=== Begin Enclosure ===

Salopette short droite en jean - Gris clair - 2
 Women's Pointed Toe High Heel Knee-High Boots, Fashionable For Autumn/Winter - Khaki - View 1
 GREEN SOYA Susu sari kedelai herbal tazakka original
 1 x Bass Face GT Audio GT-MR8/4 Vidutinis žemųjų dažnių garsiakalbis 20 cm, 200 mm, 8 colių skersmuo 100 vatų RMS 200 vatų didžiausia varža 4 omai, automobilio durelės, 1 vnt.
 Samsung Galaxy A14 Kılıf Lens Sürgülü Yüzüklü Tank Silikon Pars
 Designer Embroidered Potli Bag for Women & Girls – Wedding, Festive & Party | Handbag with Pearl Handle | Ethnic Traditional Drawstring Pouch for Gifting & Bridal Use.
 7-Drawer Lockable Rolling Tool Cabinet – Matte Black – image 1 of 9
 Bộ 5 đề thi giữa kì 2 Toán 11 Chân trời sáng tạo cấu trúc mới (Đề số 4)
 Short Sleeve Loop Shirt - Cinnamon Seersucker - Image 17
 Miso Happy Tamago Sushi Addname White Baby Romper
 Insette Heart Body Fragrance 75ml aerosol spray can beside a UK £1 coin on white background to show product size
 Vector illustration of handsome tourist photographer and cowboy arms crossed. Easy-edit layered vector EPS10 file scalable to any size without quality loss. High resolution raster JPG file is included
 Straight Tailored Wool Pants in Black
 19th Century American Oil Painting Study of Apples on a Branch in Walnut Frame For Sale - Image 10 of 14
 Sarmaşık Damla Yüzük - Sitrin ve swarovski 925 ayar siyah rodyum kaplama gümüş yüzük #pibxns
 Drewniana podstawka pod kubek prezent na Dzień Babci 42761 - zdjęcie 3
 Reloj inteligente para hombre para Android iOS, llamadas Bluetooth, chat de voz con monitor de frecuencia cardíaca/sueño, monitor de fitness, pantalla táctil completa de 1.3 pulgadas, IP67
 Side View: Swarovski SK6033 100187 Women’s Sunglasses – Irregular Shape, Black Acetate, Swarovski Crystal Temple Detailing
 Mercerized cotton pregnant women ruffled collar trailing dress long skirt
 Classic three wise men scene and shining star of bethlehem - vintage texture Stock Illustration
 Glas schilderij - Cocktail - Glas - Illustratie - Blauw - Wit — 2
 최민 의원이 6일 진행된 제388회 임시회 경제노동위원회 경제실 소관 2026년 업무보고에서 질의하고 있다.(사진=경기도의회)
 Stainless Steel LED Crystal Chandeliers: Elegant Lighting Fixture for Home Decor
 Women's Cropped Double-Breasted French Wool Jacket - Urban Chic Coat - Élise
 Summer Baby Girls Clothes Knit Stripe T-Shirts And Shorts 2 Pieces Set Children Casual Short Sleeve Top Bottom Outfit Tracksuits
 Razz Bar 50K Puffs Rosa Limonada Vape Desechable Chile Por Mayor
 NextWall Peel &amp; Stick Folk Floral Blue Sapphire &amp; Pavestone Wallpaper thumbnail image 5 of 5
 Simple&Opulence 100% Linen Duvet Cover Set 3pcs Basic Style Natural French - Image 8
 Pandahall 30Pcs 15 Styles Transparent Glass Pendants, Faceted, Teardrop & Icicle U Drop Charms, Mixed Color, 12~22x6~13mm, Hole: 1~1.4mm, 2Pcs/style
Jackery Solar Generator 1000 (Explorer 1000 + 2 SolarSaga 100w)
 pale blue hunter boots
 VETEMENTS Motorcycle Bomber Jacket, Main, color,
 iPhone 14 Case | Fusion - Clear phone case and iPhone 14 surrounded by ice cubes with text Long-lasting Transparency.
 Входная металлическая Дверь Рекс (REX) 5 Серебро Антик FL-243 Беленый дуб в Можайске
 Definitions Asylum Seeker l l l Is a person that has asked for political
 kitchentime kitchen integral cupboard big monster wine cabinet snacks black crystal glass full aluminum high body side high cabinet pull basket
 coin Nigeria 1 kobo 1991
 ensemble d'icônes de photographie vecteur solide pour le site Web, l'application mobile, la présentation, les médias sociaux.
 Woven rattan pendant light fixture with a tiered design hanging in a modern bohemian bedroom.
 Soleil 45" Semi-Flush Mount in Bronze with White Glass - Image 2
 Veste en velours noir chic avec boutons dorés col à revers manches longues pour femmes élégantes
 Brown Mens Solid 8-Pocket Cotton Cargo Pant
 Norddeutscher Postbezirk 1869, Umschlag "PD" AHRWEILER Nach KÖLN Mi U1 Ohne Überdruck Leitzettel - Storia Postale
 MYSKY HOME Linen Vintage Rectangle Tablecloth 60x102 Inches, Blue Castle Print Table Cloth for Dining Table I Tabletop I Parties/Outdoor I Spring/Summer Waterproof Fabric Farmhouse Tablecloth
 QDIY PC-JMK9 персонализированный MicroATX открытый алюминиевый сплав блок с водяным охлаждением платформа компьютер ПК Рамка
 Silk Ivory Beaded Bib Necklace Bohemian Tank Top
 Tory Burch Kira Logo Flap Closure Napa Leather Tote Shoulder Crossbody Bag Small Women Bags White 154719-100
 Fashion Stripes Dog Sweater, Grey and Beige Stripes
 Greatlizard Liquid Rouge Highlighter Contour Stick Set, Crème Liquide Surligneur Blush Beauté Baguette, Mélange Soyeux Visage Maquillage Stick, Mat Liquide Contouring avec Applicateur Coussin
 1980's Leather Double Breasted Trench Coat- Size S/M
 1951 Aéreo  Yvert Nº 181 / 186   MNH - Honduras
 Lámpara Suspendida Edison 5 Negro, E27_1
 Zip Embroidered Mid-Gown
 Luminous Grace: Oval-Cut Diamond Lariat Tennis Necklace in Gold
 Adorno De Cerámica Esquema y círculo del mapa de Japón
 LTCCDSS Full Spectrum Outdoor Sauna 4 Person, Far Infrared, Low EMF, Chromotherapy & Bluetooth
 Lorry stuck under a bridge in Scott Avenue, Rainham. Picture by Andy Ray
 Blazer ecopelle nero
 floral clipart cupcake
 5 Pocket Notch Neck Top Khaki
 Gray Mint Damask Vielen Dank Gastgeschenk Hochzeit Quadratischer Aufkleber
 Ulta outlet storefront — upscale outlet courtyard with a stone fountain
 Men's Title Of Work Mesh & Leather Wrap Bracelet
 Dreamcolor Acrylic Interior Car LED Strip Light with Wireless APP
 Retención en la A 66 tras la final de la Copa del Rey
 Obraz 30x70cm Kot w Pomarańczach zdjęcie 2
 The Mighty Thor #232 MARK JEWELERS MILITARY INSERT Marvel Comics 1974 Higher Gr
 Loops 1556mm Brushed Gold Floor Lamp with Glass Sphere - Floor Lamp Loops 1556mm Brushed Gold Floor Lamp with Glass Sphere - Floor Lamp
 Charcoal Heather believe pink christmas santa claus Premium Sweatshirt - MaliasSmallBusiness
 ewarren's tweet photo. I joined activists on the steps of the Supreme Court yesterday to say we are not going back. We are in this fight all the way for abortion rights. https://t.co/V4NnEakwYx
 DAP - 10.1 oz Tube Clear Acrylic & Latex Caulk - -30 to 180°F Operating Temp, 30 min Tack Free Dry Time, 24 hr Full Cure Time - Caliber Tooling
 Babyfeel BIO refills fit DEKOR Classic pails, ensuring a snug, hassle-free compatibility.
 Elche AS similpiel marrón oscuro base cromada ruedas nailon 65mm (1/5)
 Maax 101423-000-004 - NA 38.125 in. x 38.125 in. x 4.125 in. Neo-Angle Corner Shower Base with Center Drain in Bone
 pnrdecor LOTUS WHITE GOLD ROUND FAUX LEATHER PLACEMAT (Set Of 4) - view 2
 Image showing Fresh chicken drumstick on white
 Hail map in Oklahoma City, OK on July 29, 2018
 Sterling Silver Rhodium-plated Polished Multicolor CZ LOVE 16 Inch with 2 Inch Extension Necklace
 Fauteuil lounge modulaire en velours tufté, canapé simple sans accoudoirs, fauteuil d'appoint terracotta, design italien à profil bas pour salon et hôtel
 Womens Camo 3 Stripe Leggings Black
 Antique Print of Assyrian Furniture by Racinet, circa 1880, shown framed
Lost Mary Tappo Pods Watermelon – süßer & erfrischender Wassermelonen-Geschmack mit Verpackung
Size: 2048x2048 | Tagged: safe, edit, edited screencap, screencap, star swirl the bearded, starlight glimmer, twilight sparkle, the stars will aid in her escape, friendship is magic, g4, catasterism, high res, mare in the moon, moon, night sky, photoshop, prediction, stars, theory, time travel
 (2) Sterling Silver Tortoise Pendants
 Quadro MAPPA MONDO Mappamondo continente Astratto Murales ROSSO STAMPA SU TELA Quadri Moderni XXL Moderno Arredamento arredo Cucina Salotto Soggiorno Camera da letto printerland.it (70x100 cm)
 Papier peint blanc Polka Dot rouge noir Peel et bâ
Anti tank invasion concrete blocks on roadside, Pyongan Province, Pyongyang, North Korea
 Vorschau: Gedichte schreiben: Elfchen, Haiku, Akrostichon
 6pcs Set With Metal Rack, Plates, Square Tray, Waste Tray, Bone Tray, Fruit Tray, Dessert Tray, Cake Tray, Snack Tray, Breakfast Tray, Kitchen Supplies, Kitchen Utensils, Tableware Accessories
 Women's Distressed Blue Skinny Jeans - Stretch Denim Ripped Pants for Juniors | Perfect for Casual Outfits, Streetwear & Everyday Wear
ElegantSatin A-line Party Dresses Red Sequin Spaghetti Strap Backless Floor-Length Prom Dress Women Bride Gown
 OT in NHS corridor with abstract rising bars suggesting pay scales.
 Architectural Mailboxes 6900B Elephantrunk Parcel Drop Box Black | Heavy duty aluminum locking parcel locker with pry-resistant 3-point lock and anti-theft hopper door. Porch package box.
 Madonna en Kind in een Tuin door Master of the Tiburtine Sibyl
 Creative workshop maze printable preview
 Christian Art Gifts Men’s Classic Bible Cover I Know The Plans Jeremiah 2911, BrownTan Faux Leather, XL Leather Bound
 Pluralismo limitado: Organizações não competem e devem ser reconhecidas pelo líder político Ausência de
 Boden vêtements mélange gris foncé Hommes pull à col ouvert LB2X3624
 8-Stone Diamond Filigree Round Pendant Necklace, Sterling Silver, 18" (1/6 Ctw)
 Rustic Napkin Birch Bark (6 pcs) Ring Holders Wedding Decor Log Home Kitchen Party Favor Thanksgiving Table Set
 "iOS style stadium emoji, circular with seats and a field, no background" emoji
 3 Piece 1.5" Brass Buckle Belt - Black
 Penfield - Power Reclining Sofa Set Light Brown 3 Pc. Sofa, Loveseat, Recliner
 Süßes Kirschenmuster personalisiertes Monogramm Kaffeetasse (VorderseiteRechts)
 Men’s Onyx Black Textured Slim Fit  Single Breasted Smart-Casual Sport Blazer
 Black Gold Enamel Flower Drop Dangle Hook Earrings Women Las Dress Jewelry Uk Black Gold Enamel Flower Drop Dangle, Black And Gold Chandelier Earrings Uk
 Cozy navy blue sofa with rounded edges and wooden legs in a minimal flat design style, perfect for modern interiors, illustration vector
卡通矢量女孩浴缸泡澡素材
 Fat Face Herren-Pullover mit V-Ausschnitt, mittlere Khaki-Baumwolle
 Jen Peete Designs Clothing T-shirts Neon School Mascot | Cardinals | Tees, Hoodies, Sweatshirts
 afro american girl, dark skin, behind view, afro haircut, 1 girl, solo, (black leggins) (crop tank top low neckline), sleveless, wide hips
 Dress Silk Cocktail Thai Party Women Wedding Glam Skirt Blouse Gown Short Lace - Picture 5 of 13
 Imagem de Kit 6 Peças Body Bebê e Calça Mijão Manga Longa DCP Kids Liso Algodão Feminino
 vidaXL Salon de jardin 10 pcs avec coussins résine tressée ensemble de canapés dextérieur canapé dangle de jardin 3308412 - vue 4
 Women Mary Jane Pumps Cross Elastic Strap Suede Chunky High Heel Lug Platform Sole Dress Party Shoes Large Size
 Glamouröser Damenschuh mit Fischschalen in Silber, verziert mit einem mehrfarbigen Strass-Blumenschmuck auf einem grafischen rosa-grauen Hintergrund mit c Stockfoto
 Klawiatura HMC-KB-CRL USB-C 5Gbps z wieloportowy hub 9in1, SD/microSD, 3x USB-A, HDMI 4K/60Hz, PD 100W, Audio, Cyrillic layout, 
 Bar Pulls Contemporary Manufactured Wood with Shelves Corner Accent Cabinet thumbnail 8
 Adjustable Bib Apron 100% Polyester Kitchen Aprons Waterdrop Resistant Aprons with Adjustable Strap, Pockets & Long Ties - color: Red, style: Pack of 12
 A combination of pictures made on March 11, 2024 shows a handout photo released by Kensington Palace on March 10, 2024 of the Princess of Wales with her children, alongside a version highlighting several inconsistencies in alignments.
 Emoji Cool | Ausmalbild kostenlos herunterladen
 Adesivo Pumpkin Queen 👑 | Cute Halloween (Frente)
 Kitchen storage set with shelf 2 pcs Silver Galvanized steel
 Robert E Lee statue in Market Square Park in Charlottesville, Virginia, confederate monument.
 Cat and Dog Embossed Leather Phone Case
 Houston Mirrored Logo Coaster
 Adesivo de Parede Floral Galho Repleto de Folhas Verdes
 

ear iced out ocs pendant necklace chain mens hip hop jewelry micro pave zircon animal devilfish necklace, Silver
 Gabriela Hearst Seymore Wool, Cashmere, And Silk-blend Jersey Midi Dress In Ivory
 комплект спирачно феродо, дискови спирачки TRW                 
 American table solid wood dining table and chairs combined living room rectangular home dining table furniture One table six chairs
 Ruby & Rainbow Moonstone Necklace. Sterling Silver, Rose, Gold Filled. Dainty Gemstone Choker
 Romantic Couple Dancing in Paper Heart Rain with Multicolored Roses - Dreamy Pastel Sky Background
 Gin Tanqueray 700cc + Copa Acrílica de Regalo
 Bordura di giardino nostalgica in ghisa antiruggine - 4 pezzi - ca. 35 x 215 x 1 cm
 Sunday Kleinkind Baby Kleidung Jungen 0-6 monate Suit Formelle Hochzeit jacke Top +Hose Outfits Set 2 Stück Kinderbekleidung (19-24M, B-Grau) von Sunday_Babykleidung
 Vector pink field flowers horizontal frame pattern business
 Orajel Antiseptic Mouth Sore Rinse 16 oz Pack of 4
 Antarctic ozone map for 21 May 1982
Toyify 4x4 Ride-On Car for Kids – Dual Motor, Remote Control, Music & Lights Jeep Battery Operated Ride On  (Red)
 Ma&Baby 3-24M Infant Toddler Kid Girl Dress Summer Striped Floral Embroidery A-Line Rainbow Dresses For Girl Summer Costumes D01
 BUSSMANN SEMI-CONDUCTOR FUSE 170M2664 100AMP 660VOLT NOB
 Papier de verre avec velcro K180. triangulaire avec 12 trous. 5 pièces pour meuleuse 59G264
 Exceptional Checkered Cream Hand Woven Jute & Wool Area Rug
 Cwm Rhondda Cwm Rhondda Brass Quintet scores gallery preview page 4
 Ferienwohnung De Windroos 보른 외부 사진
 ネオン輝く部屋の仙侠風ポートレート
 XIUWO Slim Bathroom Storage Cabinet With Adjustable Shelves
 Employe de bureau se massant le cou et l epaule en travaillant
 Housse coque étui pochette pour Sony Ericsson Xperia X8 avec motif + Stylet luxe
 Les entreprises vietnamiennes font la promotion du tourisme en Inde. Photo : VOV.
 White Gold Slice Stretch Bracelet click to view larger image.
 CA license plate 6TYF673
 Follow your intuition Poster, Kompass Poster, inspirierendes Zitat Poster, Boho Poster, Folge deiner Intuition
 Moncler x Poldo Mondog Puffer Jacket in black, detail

=== End Enclosure ===

Instructions to follow: Looking at the records above, tally the lines holding "canapé" and reply with that number only.

Task answer: 2